November 26, 2012
Below, Jayadeva Ranade’s “Bright Red Future” was first published in DNA on Nov. 23, 2012:
The Chinese Communist Party (CCP)’s week-long (November 8-14) 18th Congress concluded on schedule after tough, protracted negotiations on personnel appointments stretching up to November 14th. It elected a seven-member Politburo Standing Committee (PBSC) led by 62-year-old Xi Jinping. Setting speculation to rest, Xi Jinping succeeded Hu Jintao to all his posts including, significantly, to that of Chairman of the powerful Central Military Commission (CMC).
Notable is the reduced size of the Party’s highest body, namely the Politburo Standing Committee (PBSC) from nine to seven. The number of Politburo (PB) members is constant at 25, but the strength of the Party’s Central Committee (CC) increased from 371 to 376. The PBSC’s reduced size meant that unlike in the past no leaders from the successor ‘sixth generation’ were inducted. Unlike the previous PBSC or PB, neither of them include a representative of China’s ethnic minorities, though there are 39 ethnic minorities represented in the CC. The number of Tibetans in the CC dropped from two to one, however, there are four Tibetans among the alternate members of the CC. The number of women has reduced to 33. The new CC is younger with 80%, or 166 of the 205 full members, born in the 1950s. There are nine who were born in the 1960s and it is from among these nine ‘sixth generation’ leaders that successors to Chinese president Xi Jinping and Premier Li Keqiang will emerge by 2022.
Three clear messages have been sent out by the 18th Congress. These are: continuity, re-assertion of the Party’s traditional values and discipline, and a focus on domestic issues including graduated economic reforms leading to “common prosperity”. The new seven-member PBSC exudes these themes.
Continuity implies little change from the policies followed by Hu Jintao during his tenure. That the Party’s traditional values will be emphasized was evident in the speeches of Hu Jintao and Xi Jinping, both of whom stressed the validity of Marxism-Leninism-Mao Zedong Thought and referred to the ‘Four Cardinal Principles’—a phrase coined by Deng Xiaoping but later usurped by the Leftists. Xi Jinping’s speech at the Politburo’s first collective study session on Nov 17, in fact, contained numerous phrases and references from Marxist ideology and emphasized the importance of communist ideology.
Serious domestic issues confront the new Chinese leadership. There is widespread popular discontent generated by a variety of issues like widening income inequality, rampant corruption, pollution and food adulteration, non-payment of salaries and arrears, lay-offs etc. Popular tension is exacerbated by China’s ‘netizens’. The level of discontent is evident from the rising incidence of protests, which in 2010, were estimated at 1,80,000 and anticipated to increase by 8-12% each year, prompting an increase in the country’s security budget -- to higher than the national defence budget -- for the past two consecutive years.
The issues were reflected in Hu Jintao’s Work Report to the 18th Congress on November 14, his last to a Party Congress. The Work Report candidly highlighted that the Party’s very survival was in danger if corruption remained unchecked. The theme was reiterated by Xi Jinping in his very first speech. For the first time ever a Work Report to the Party Congress also referred to environment and ecology. The issues have sparked numerous protests across China over the past three years and a lot of unrestrained discussion on China’s cyberspace. They are kept alive by the 3000 Chinese environmentalist groups.

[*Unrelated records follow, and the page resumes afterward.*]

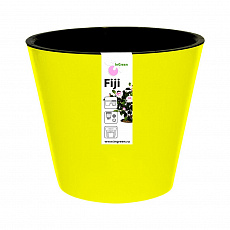 Горшок для цветов Фиджи D 230 мм/5,0 л, с внутр. вставкой, желтый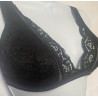 Soutien-gorge triangle en dentelle fleurie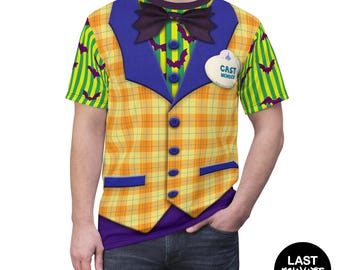 Maglietta del cast di Topolino non così spaventoso, maglietta del Magic Kingdom, maglietta Disneyland, magliette Disney da uomo, costume di Halloween da uomo, costume Disney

All members of the Politburo Standing Committee (PBSC) are stolid, dependable apparatchiks who adhere to the Party line and discipline and will neither brook any violation. Their selection is evidence of the Bo Xilai incident’s impact on the Party. It is reinforced by the elevation to the PBSC of Party propaganda chief Liu Yunshan, who has been uncompromising in controlling and implementing the Party’s approved narrative even when it meant excising portions of speeches made by president Hu Jintao and premier Wen Jiabao. Liu Yunshan will continue to oversee Propaganda and Education, which suggests that media and cyberspace will be strictly policed and Party ideology more strenuously propagated.

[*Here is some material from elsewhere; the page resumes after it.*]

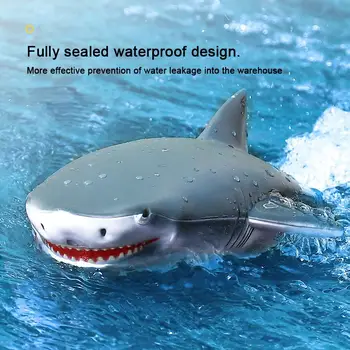 Лодка с дистанционным управлением Ultimate Shark - испытайте реалистичное моделирование благодаря водонепроницаемому дизайну и высокой скорости движения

All members of the PBSC, which includes four ‘princelings’, joined the CCP during the Cultural Revolution despite many having personally suffered. They have a mental toughness moulded by adversity. The ‘princelings’ especially feel that China must regain its rightful place in the world. They will not compromise on matters of sovereignty or territorial integrity. The issue of ethnic minorities, and particularly Tibetans, will be a high priority. This could portend an increase in China’s activities in Nepal and among Tibetan Buddhists. On the South China Sea they will steadily push the limits, but stopping short of conflict. These policies will result in increased pressure on India and Japan.
The author is a former additional secretary in the Cabinet Secretariat, Government of India.